(SUPPLIED MATERIAL)
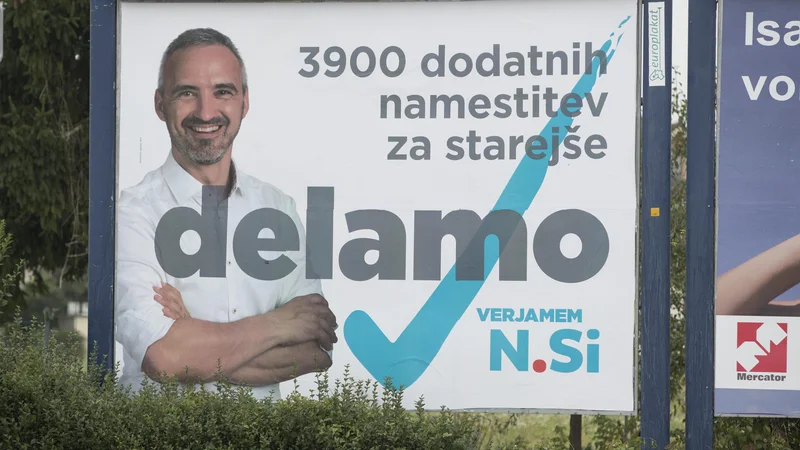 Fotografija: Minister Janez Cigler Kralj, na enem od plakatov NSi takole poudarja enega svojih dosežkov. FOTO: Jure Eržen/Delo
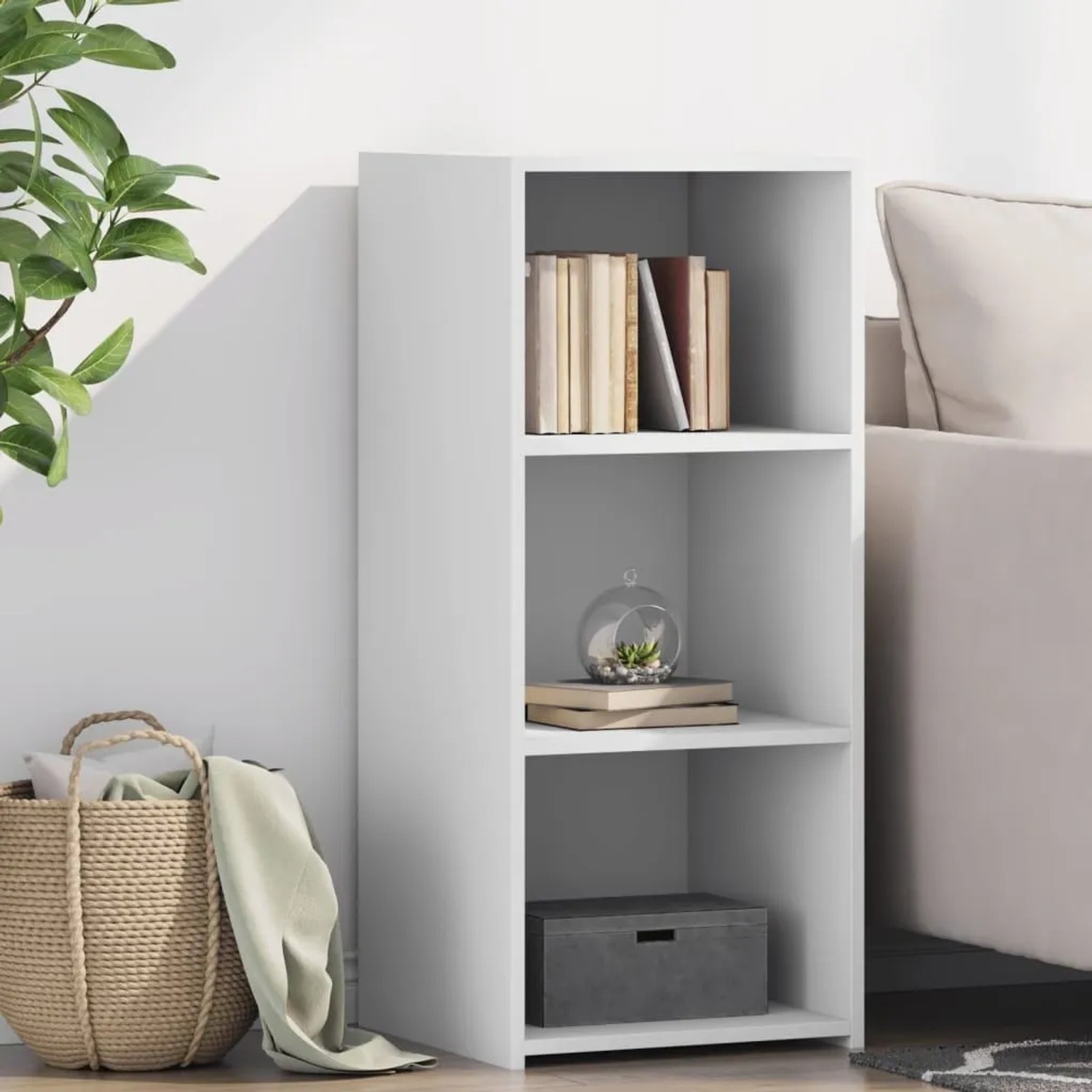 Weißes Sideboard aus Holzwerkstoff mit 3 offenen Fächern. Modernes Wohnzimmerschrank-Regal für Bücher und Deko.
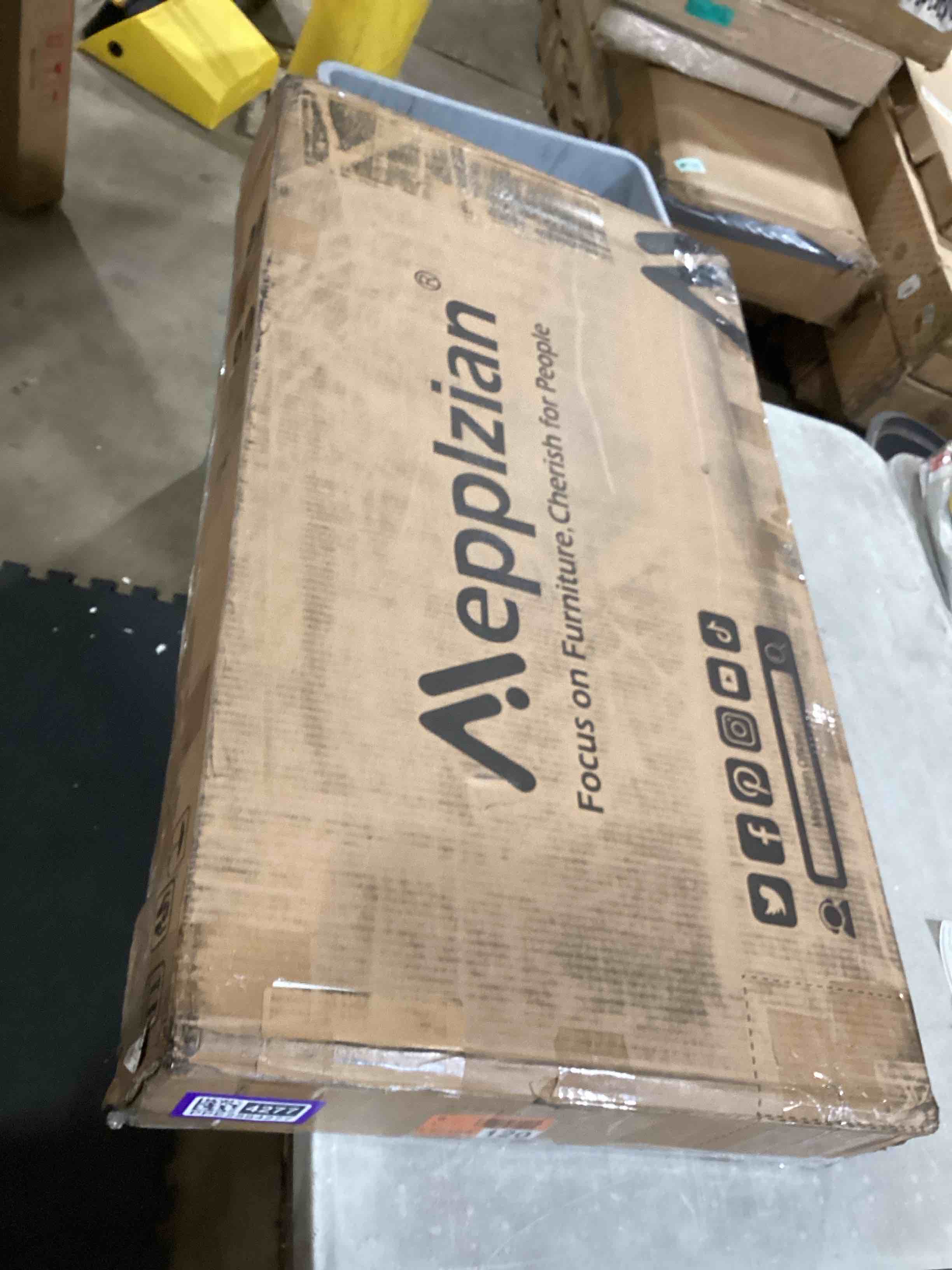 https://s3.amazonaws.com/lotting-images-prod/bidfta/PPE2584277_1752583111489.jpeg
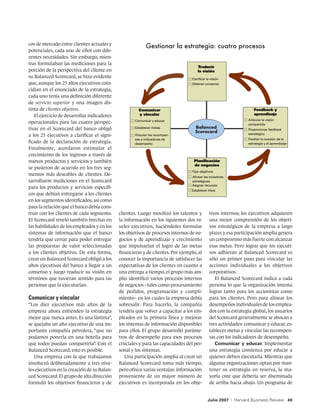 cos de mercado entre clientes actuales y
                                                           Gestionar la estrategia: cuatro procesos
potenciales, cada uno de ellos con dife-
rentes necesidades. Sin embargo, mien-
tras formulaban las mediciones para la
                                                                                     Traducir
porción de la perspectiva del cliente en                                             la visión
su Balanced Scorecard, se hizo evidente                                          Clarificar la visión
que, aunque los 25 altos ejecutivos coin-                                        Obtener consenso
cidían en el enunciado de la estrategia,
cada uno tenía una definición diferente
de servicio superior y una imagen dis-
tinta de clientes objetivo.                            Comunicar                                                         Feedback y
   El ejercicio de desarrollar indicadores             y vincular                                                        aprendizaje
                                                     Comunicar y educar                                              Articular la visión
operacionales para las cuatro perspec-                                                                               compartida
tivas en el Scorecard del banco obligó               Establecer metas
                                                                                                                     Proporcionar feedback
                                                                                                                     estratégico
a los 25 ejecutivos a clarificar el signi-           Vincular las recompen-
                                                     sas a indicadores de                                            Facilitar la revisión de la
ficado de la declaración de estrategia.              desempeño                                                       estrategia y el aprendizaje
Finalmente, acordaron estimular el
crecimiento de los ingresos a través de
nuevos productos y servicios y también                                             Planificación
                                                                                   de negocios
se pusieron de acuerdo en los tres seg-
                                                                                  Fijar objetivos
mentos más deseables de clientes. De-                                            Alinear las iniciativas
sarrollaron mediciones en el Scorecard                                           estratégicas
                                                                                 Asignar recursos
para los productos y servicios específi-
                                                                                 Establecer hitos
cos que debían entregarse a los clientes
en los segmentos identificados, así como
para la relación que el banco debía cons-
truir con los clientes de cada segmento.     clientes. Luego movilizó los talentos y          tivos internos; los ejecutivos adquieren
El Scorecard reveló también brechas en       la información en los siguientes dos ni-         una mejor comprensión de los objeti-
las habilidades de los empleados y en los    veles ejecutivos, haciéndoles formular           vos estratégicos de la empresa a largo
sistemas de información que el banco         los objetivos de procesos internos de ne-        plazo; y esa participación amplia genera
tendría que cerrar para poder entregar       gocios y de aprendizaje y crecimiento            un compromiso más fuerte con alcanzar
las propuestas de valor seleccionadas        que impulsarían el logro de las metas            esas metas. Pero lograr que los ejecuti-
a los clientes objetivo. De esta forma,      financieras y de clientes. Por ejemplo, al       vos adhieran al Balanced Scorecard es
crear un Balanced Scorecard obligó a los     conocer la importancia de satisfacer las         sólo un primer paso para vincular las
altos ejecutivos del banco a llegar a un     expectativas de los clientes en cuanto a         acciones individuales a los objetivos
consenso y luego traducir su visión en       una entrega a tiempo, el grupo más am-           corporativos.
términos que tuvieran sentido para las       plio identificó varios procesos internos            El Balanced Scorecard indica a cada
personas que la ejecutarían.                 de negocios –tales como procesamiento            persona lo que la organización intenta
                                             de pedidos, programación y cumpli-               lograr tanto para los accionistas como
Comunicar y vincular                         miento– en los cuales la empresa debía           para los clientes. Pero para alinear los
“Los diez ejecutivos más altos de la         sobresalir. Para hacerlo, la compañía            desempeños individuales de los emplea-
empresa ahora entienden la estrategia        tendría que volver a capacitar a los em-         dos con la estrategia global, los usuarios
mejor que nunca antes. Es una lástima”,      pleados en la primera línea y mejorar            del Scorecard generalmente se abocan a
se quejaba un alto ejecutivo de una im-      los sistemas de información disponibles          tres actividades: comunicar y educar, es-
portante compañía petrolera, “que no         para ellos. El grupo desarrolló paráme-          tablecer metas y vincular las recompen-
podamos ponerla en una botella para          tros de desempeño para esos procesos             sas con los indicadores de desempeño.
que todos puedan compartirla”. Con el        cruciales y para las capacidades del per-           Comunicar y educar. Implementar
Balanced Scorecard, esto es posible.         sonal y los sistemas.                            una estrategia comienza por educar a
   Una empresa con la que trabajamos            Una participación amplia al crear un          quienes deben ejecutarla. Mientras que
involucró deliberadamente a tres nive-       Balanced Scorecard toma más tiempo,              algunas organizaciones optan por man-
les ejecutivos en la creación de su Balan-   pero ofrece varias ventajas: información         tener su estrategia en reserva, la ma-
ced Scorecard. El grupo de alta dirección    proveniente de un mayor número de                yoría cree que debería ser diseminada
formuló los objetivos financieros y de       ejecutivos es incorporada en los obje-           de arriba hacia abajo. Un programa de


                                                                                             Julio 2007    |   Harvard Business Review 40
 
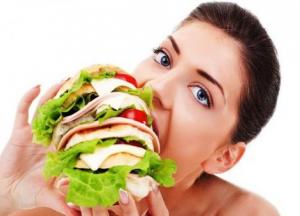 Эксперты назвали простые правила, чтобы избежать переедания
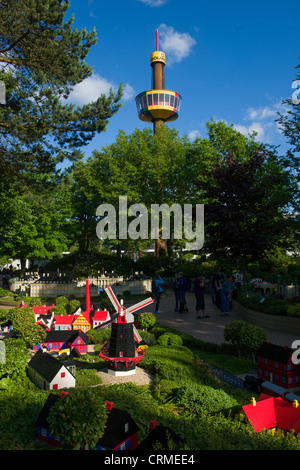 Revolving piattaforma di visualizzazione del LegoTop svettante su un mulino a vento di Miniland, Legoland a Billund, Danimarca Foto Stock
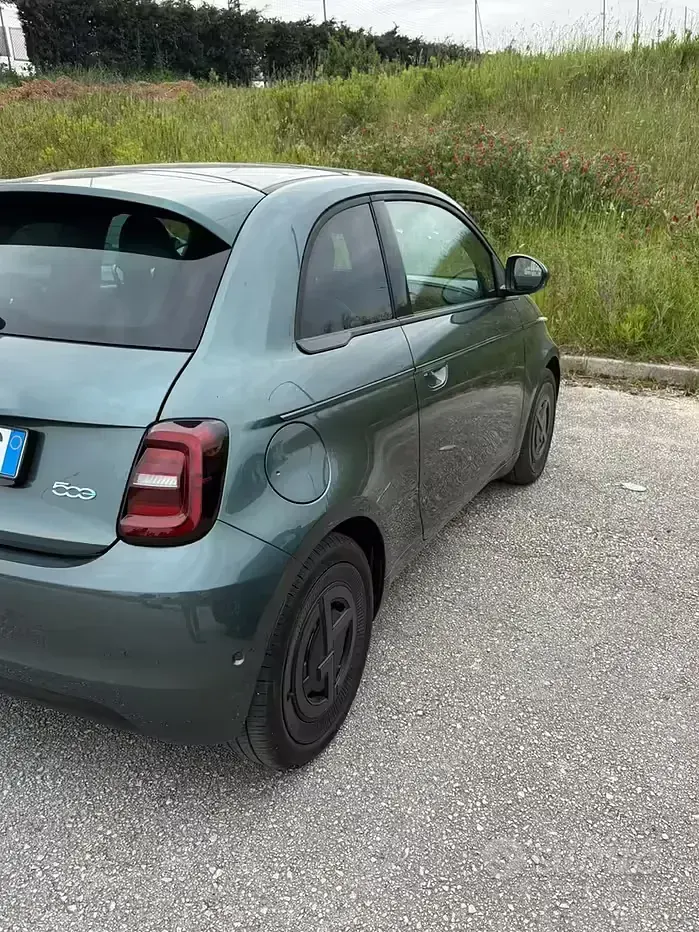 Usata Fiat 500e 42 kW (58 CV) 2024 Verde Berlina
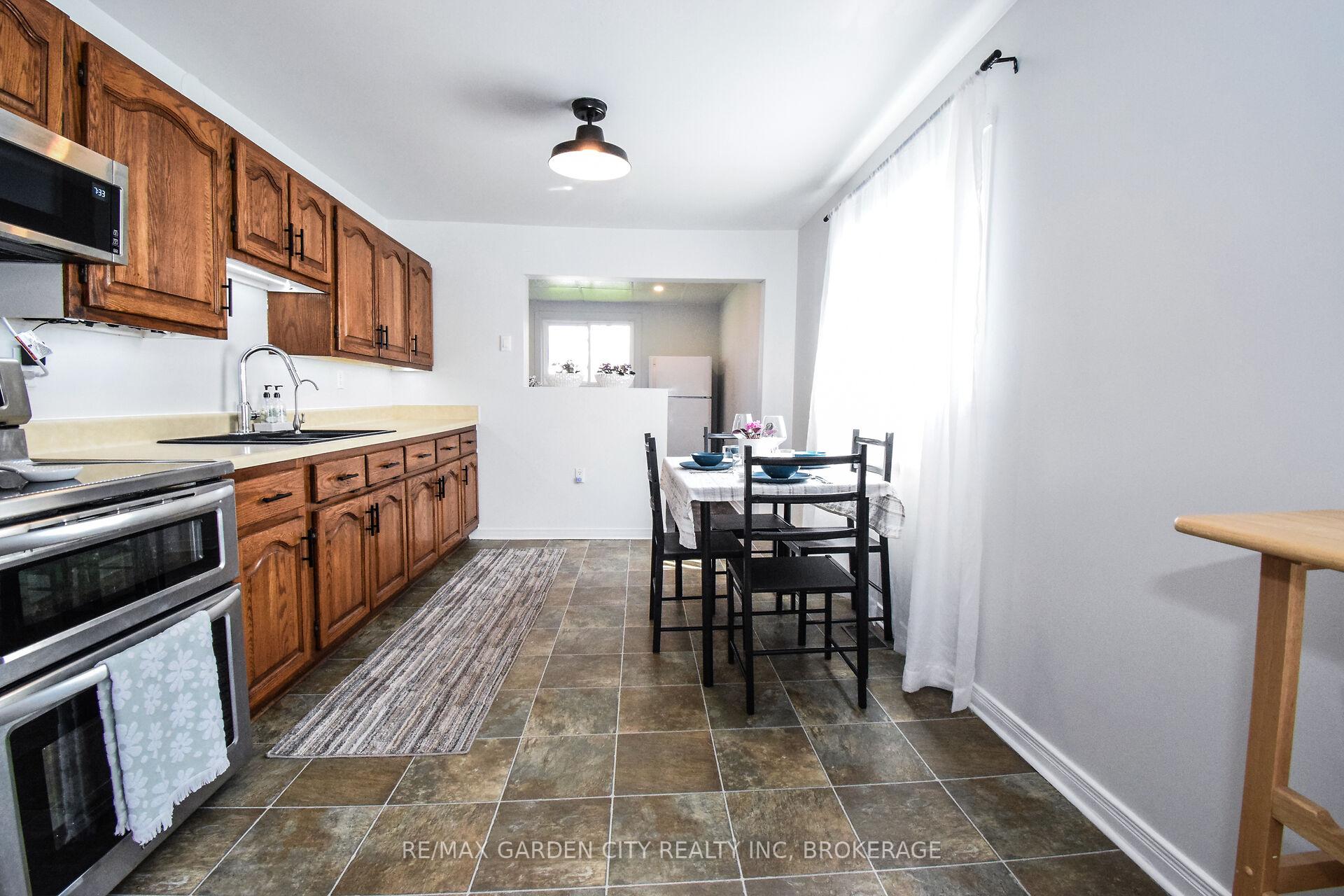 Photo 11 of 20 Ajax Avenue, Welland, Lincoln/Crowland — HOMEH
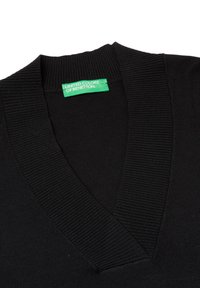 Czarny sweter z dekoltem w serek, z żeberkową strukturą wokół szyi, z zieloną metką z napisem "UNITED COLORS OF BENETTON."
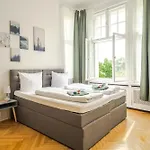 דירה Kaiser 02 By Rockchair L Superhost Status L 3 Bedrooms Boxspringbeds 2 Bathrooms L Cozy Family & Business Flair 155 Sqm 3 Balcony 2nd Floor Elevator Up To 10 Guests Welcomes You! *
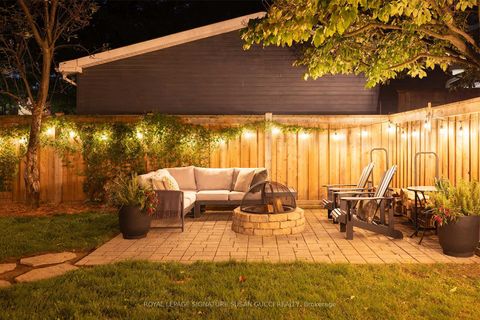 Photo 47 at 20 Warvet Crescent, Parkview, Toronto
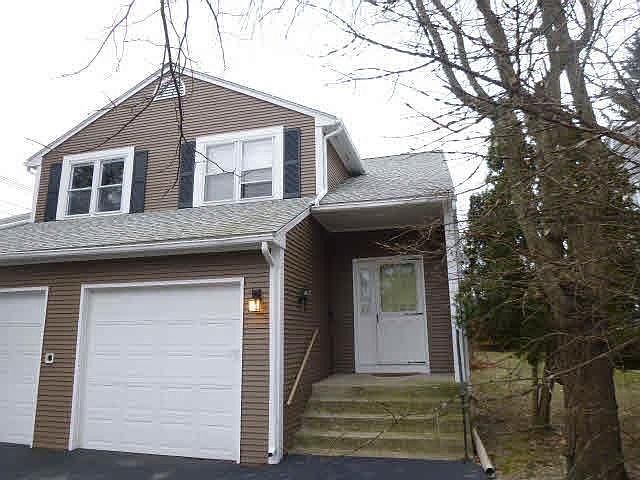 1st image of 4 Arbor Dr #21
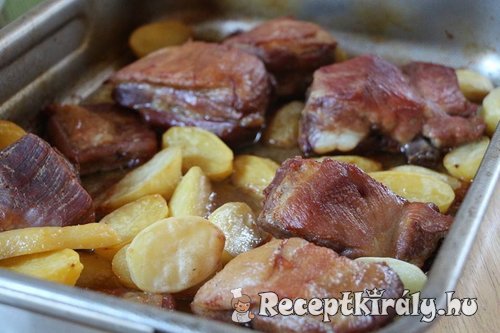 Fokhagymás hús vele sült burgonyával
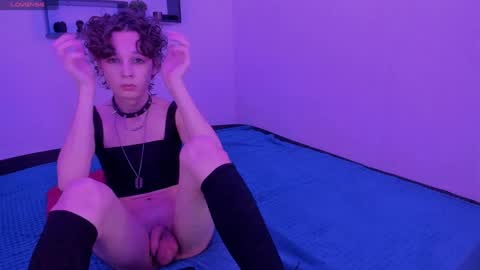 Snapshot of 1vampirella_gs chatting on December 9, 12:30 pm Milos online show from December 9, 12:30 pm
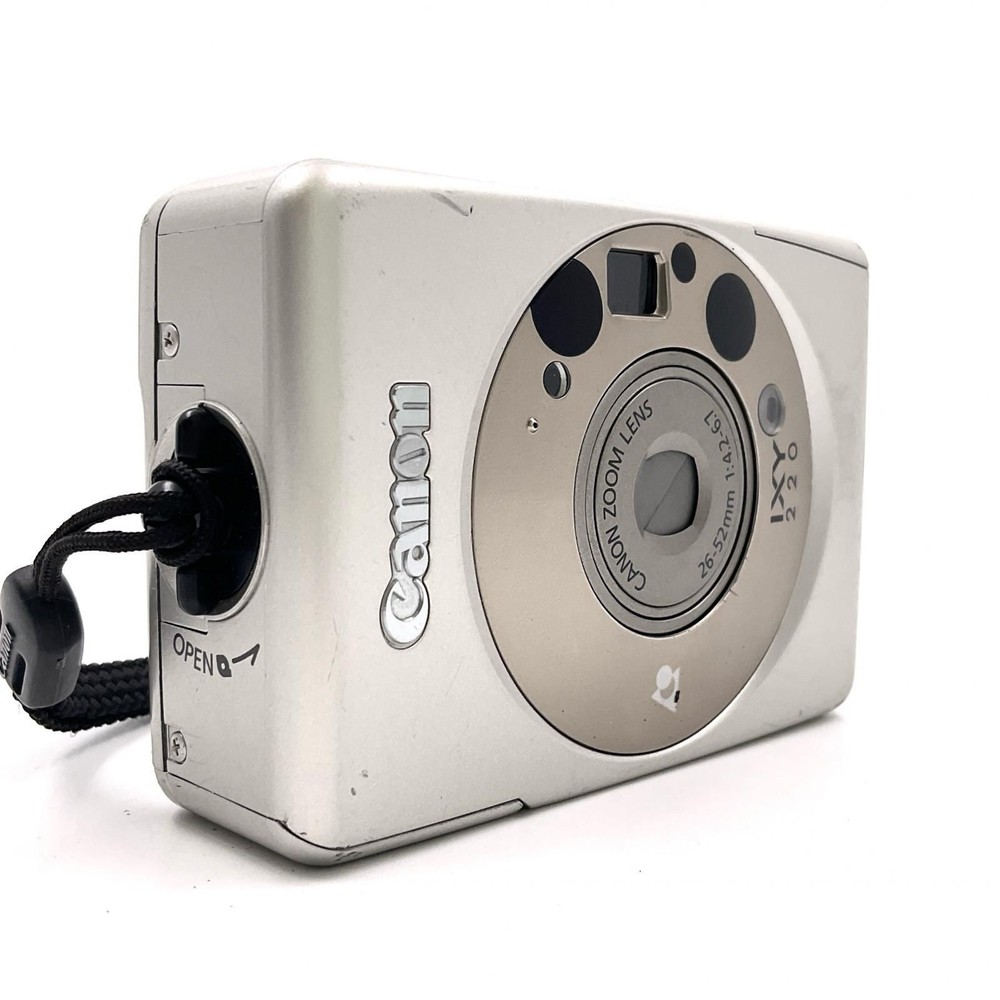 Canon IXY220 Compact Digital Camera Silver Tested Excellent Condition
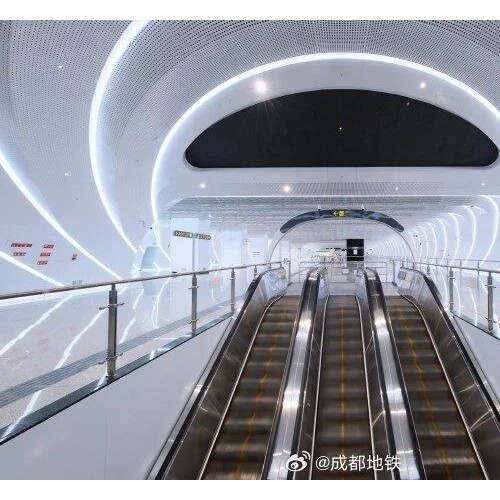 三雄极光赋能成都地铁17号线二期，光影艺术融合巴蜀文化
(End SUPPLIED MATERIAL)
## EXERCISE DIRECTIONS
Using the entries shown above, reproduce verbatim the lines from the line bearing "ficado de la" to the line bearing "a los clientes objetivo.", inclusive.

## SOLUTION TO THIS PROBLEM
ficado de la declaración de estrategia.              desempeño                                                       estrategia y el aprendizaje
Finalmente, acordaron estimular el
crecimiento de los ingresos a través de
nuevos productos y servicios y también                                             Planificación
                                                                                   de negocios
se pusieron de acuerdo en los tres seg-
                                                                                  Fijar objetivos
mentos más deseables de clientes. De-                                            Alinear las iniciativas
sarrollaron mediciones en el Scorecard                                           estratégicas
                                                                                 Asignar recursos
para los productos y servicios específi-
                                                                                 Establecer hitos
cos que debían entregarse a los clientes
en los segmentos identificados, así como
para la relación que el banco debía cons-
truir con los clientes de cada segmento.     clientes. Luego movilizó los talentos y          tivos internos; los ejecutivos adquieren
El Scorecard reveló también brechas en       la información en los siguientes dos ni-         una mejor comprensión de los objeti-
las habilidades de los empleados y en los    veles ejecutivos, haciéndoles formular           vos estratégicos de la empresa a largo
sistemas de información que el banco         los objetivos de procesos internos de ne-        plazo; y esa participación amplia genera
tendría que cerrar para poder entregar       gocios y de aprendizaje y crecimiento            un compromiso más fuerte con alcanzar
las propuestas de valor seleccionadas        que impulsarían el logro de las metas            esas metas. Pero lograr que los ejecuti-
a los clientes objetivo. De esta forma,      financieras y de clientes. Por ejemplo, al       vos adhieran al Balanced Scorecard es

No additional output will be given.